Additionally there is a fantastic opportunity to design sites with ‘depth’. Since all you have to do is double tap to zoom you could cram in a huge amount of content – you simply would never do on a mouse based browser – and then simply zoom in and out to read.

Sideways

It occurred that since you are always swiping, that horizontal scrolling might be fun. I’ve had a play around with some sideways scrolling sites for a laugh and to be honest it doesn’t work terribly well. The ipad is optimised to condense and scroll vertically and whilst it’s obviously easier swiping than dragging mice around it’s slightly counter intuitive and clunky. I wouldn’t design like a shop for instance where you want to insure that folk actually see what you want them to see. There’s also the other fundamental problem of orientation if you designed something which was no doubt incredibly pretty at 1024×1365 to be viewed horizontally you’d of course be 4 ways scrolling in landscape mode (plus the ipad would probably get all confused about how to scale stuff although haven’t tried that yet)!

Navigation

One of the other considerations when designing for the ipad is navigation positioning – the tradition of the left hand nav is counter intuitive if you are holding the ipad in your left hand and using your right hand to navigate as your hand now covers the entire screen. (The lefties finally got one up on us!). It does beg the question for the future – do we need to start making the nav location entirely customisable?

Irritations

It’s heavy, it wants a camera and some of the interface elements haven’t been well enough thought through – but it’s version 1 so I forgive all of that. What I don’t forgive and what nobody seems to want to talk about is iTunes. It destroys an otherwise fantastic experience. It’s about time that Apple bit the bullet and ripped the bloody thing apart and rebuilt it from scratch. The iTunes store and anything to do with video or managing applications is just awful. I didn’t mind it so much with my iphone but then I wasn’t having to sync all the time.

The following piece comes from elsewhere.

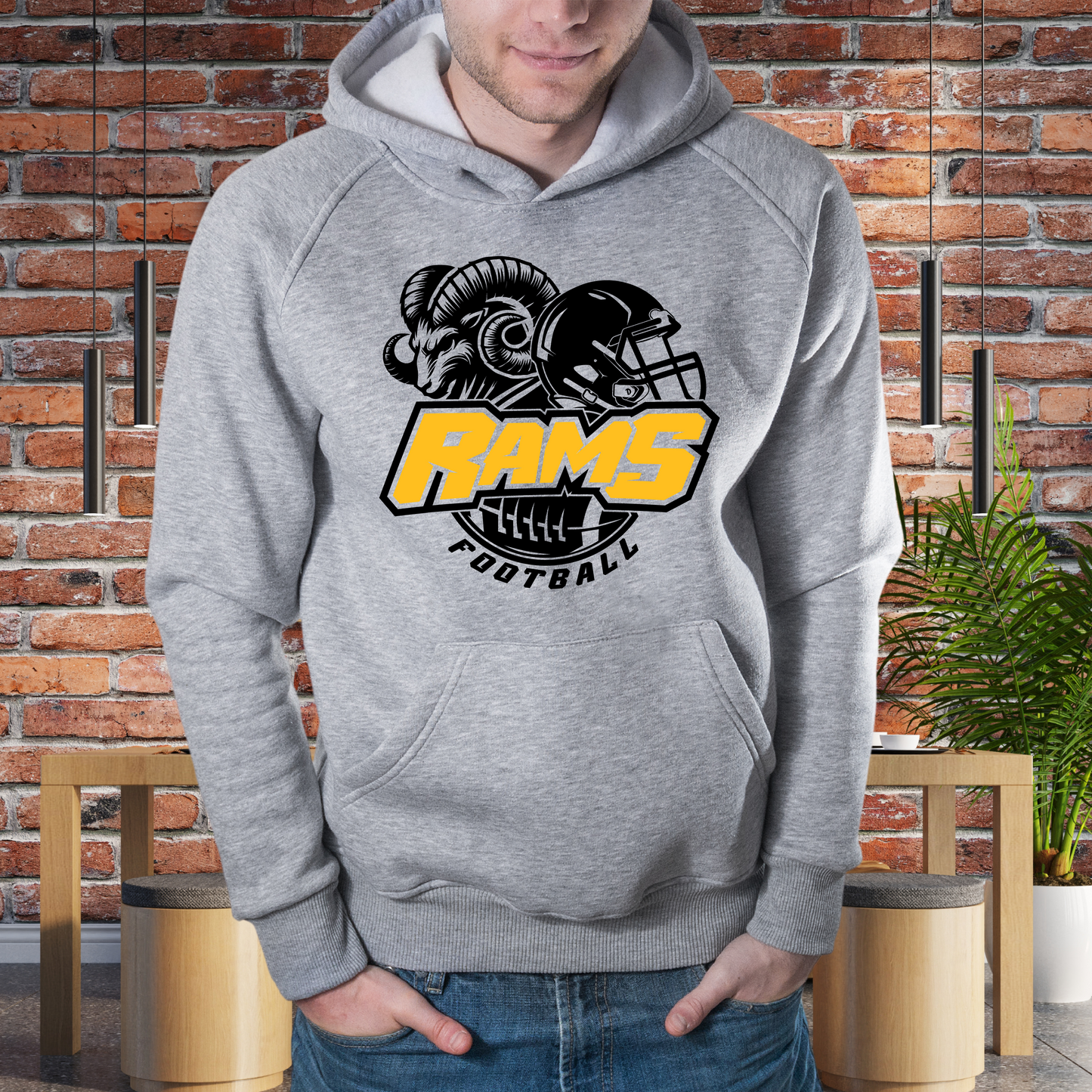 Football Rams Sweatshirt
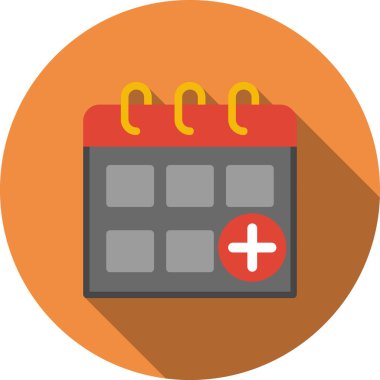 Takvim simgesinin vektör illüstrasyonu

It’s slow, it’s buggy, it’s bloatware and it needs some major love.

The Game-Shifting Paradigm-Changer.

Being a 1.0 digital dude I miss that days we used to talk about paradigm shifts and I believe that this is one of those. Everything we knew or thought we knew about the relationship between a carbon and silicon based life forms is in flux and the iPad is the catalysing expression of a frustration with technology you didn’t know you had.

At least for me, you will probably think differently, but that’s the point.